Problem to work on
Can you restate the records below word for word?

Material provided
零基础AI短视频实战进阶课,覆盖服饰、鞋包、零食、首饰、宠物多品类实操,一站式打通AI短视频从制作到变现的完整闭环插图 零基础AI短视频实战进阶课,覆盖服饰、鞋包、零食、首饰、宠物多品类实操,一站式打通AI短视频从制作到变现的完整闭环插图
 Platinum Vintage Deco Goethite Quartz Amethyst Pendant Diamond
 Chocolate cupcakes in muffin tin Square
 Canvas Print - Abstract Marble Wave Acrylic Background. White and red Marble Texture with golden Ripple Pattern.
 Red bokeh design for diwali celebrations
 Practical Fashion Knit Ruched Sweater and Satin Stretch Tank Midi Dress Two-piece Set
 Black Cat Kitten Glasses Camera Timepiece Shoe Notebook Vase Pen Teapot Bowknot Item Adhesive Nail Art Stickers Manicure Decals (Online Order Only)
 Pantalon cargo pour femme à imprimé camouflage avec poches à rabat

Answer to this exercise
零基础AI短视频实战进阶课,覆盖服饰、鞋包、零食、首饰、宠物多品类实操,一站式打通AI短视频从制作到变现的完整闭环插图 零基础AI短视频实战进阶课,覆盖服饰、鞋包、零食、首饰、宠物多品类实操,一站式打通AI短视频从制作到变现的完整闭环插图
 Platinum Vintage Deco Goethite Quartz Amethyst Pendant Diamond
 Chocolate cupcakes in muffin tin Square
 Canvas Print - Abstract Marble Wave Acrylic Background. White and red Marble Texture with golden Ripple Pattern.
 Red bokeh design for diwali celebrations
 Practical Fashion Knit Ruched Sweater and Satin Stretch Tank Midi Dress Two-piece Set
 Black Cat Kitten Glasses Camera Timepiece Shoe Notebook Vase Pen Teapot Bowknot Item Adhesive Nail Art Stickers Manicure Decals (Online Order Only)
 Pantalon cargo pour femme à imprimé camouflage avec poches à rabat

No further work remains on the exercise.